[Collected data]

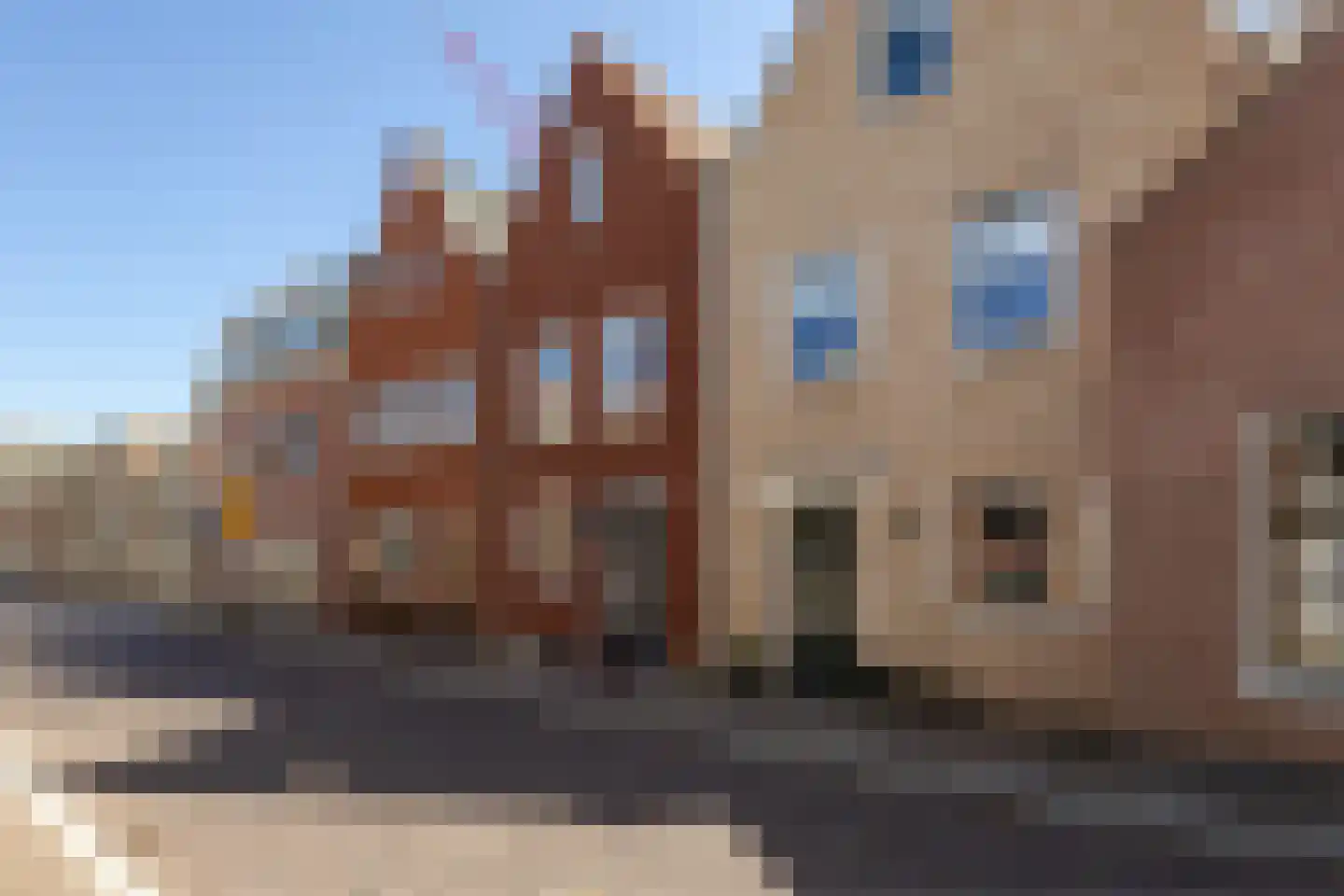 Hoogstraat 71 Nieuwpoort
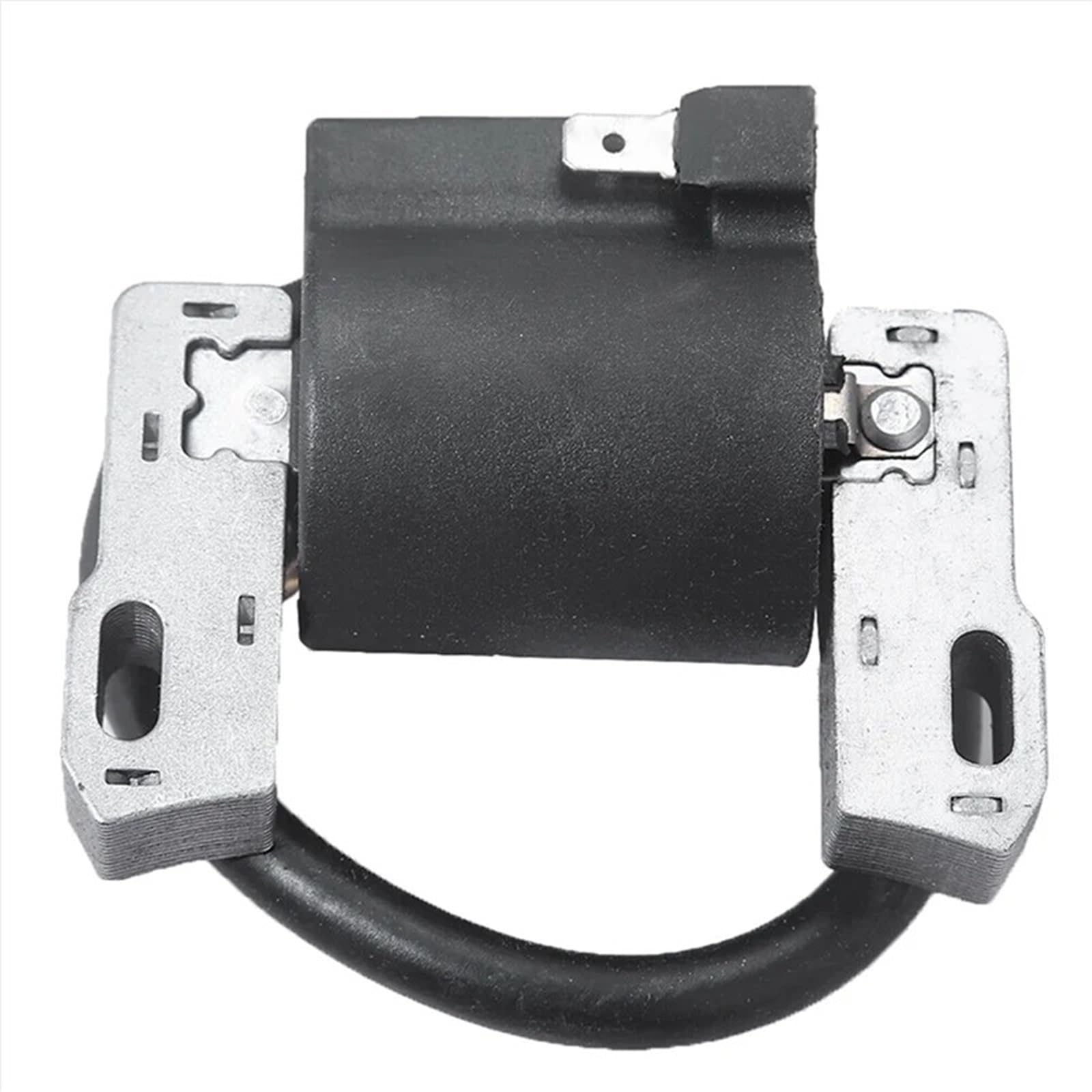 para 492341 490586 491312 495859 690248 715231 591459 Motor De Cortacésped 4X Bobina De Encendido Módulo De Encendido Motor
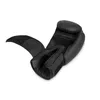 B-2V22 10 Oz Boxhandschuhe Dbx Bushido Produktbild-Vorschau 2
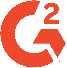 G2 logo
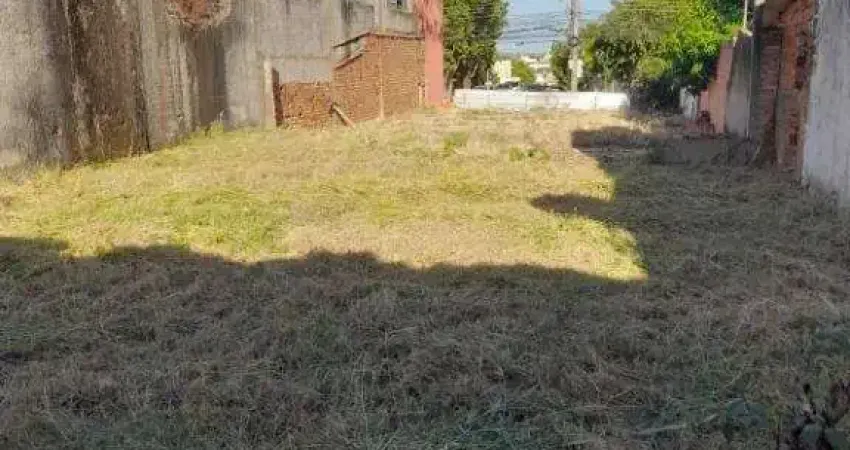 Terreno comercial à venda na Rua Baltazar Navarros, 241, Bandeirantes, Cuiabá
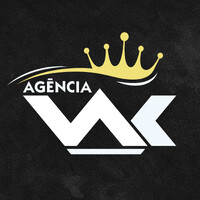 Agência WK logo - Similar company to Wowlytics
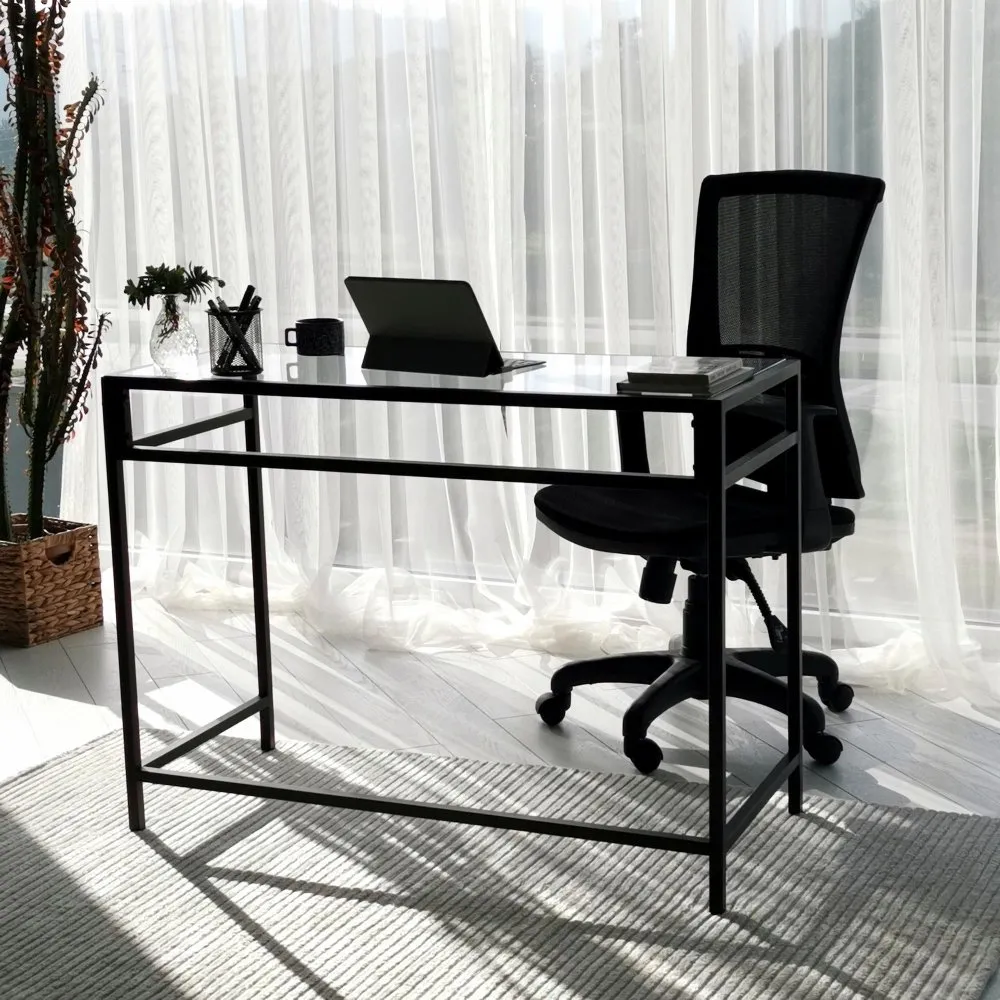 Radni sto Network Calısma Masası 100x45cm M100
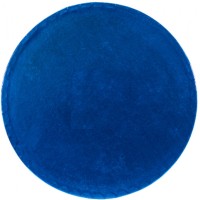 Base Redonda Azul 30 cms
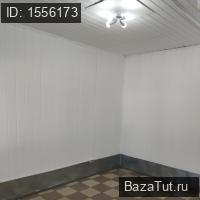 сдам коммерческую недвижимость в России в Люберцах,  Волковская ул цена 50 000 руб./месяц, фото №17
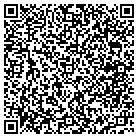 QR code with Gateway Records Storage & Mgmt contacts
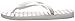 Havaianas Women's Flip Flop Sandals, Top Americana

TASK PROMPT: Transcribe all the records above word for word, without their images.

EXERCISE OUTPUT:
 Hoogstraat 71 Nieuwpoort
 para 492341 490586 491312 495859 690248 715231 591459 Motor De Cortacésped 4X Bobina De Encendido Módulo De Encendido Motor
 B-2V22 10 Oz Boxhandschuhe Dbx Bushido Produktbild-Vorschau 2
 G2 logo
 Terreno comercial à venda na Rua Baltazar Navarros, 241, Bandeirantes, Cuiabá
 Agência WK logo - Similar company to Wowlytics
 Radni sto Network Calısma Masası 100x45cm M100
 Base Redonda Azul 30 cms
 сдам коммерческую недвижимость в России в Люберцах,  Волковская ул цена 50 000 руб./месяц, фото №17
 QR code with Gateway Records Storage & Mgmt contacts
 Havaianas Women's Flip Flop Sandals, Top Americana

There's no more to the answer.